■ **Records for the exercise**
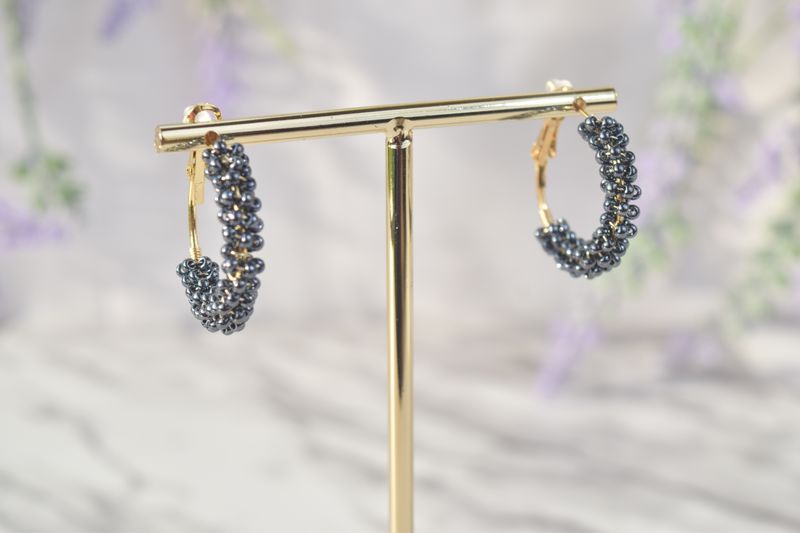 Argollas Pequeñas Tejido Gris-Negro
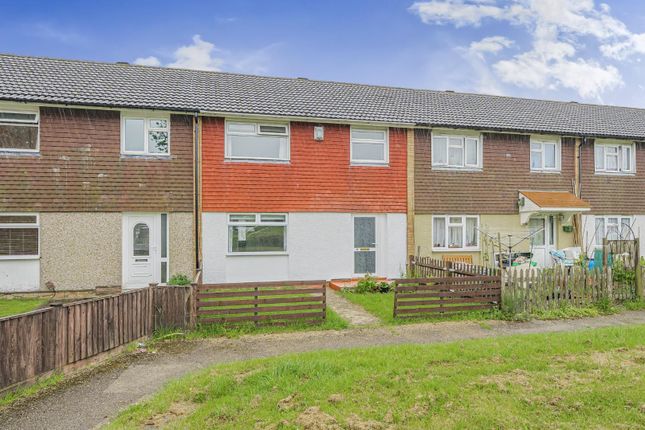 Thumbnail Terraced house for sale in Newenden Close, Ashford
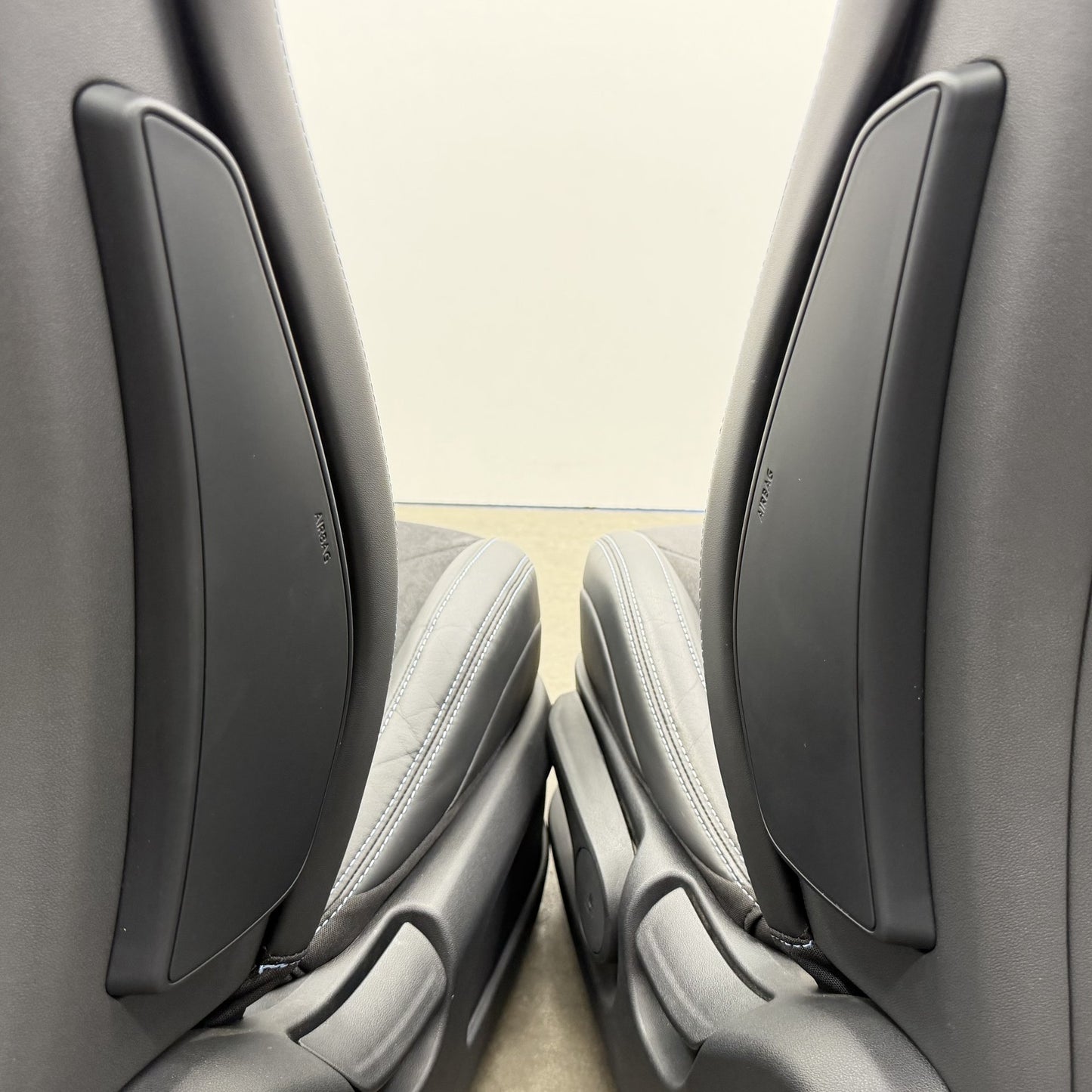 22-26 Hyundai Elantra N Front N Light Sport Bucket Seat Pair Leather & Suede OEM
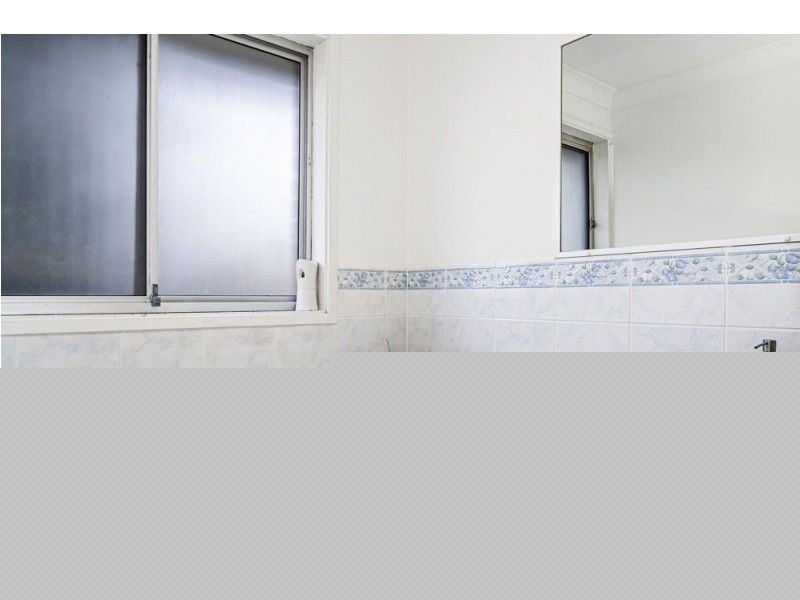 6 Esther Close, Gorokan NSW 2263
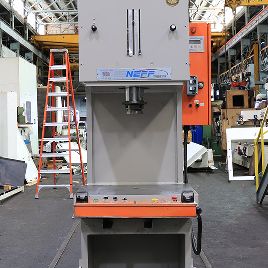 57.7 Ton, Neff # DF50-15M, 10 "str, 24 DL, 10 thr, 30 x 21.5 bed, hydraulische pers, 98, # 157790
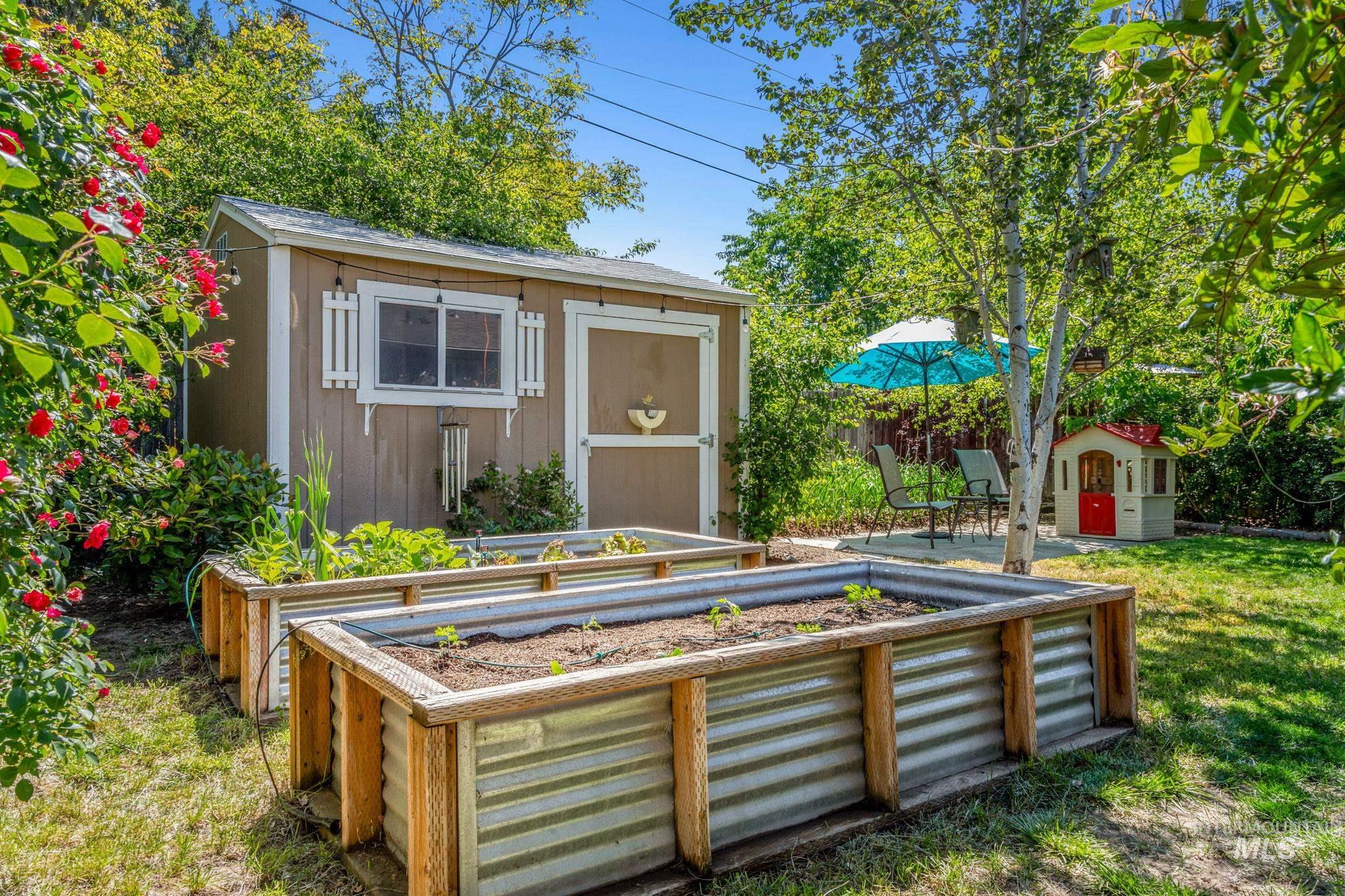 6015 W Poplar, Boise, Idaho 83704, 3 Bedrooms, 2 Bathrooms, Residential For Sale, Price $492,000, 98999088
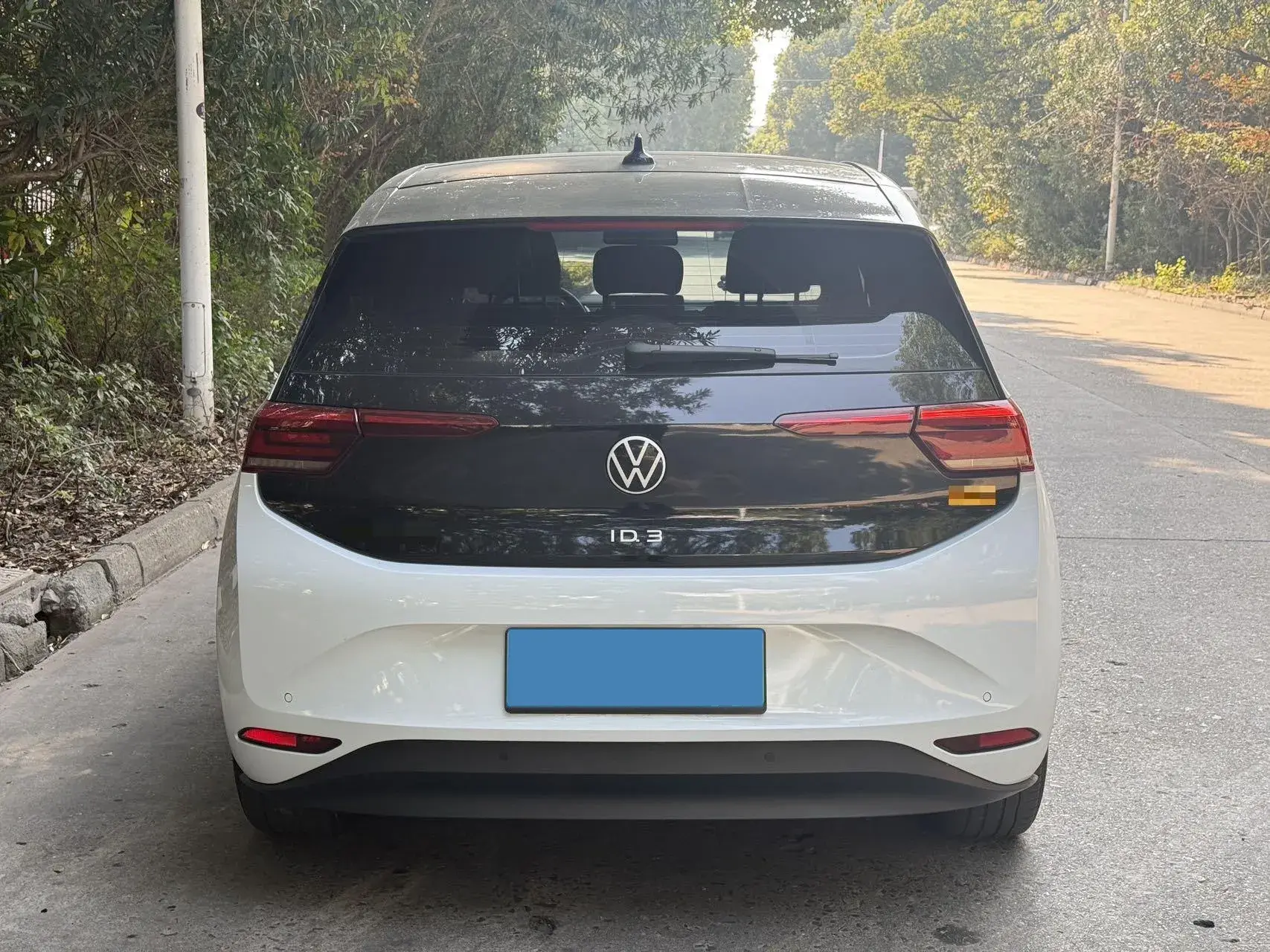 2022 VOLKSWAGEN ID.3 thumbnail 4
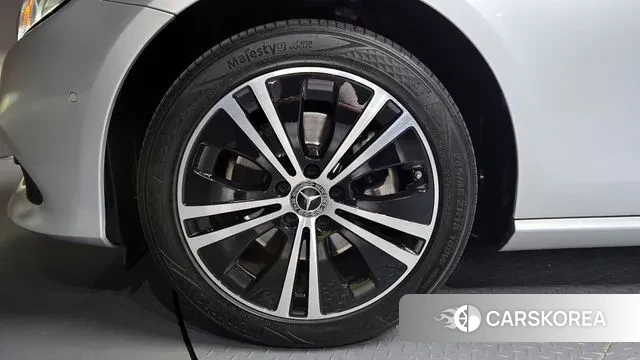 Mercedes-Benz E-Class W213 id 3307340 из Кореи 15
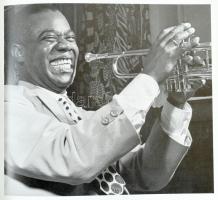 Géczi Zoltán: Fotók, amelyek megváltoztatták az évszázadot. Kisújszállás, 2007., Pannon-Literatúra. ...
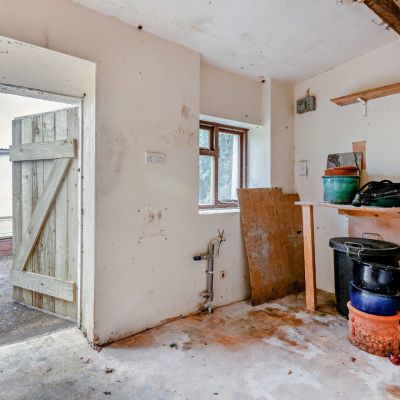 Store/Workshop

■ **Task description**
Leaving pictures aside, give again word for word each line from the one with "6015 W Poplar, Boise, Idaho" to the final line of the entries.

■ **Written response**
 6015 W Poplar, Boise, Idaho 83704, 3 Bedrooms, 2 Bathrooms, Residential For Sale, Price $492,000, 98999088
 2022 VOLKSWAGEN ID.3 thumbnail 4
 Mercedes-Benz E-Class W213 id 3307340 из Кореи 15
 Géczi Zoltán: Fotók, amelyek megváltoztatták az évszázadot. Kisújszállás, 2007., Pannon-Literatúra. ...
 Store/Workshop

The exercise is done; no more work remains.